DIRECTIONS
Will you write out, word for word, every line from the one with "Stone building with" to the final line of the data below, with the pictures left out?

____ SUPPLIED DATA

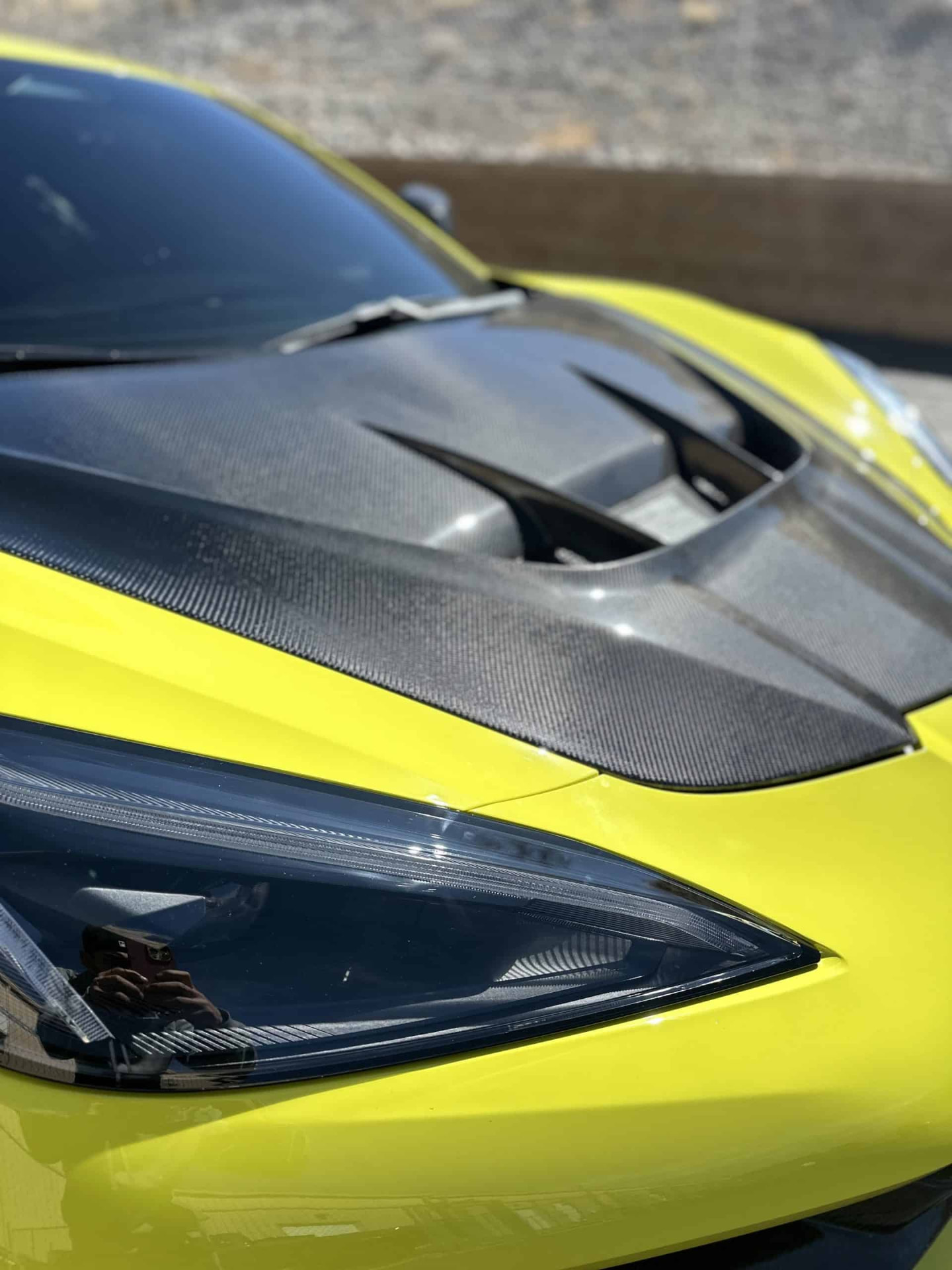 Yellow Chevrolet Corvette with carbon fiber accents after a ceramic coating detail in Hadley, Massachusetts
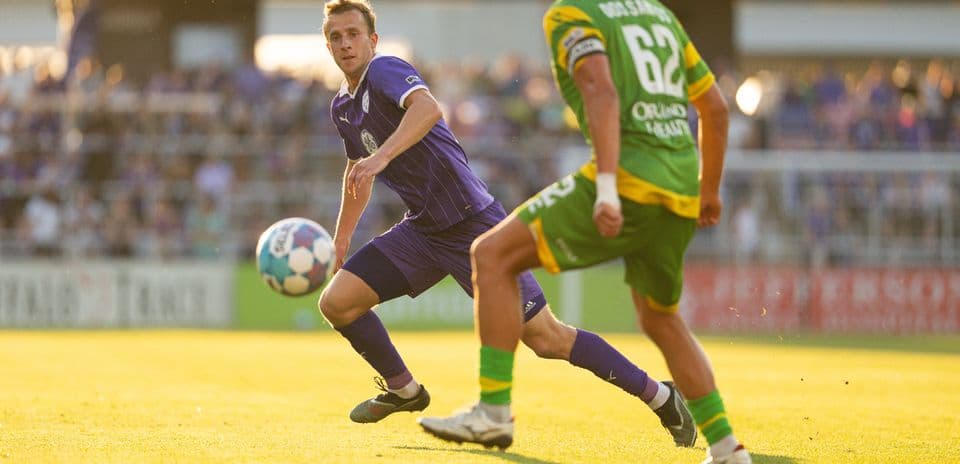 Player passing the ball during Louisville City match
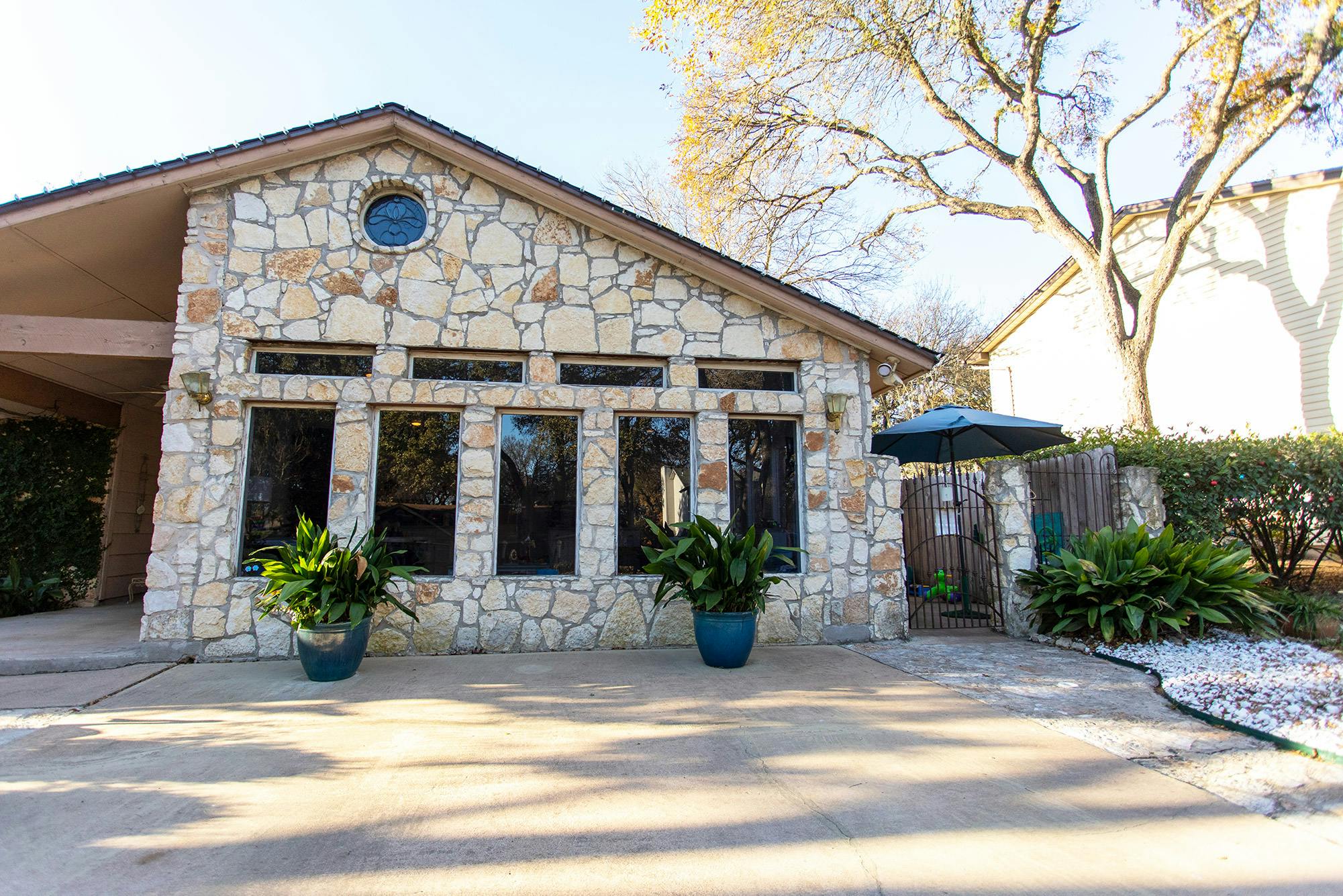 Stone building with large windows and potted plants outside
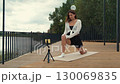 Fitness instructor stretching legs on a terrace 130069835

________

RESULT FOR THIS EXERCISE
 Stone building with large windows and potted plants outside
 Fitness instructor stretching legs on a terrace 130069835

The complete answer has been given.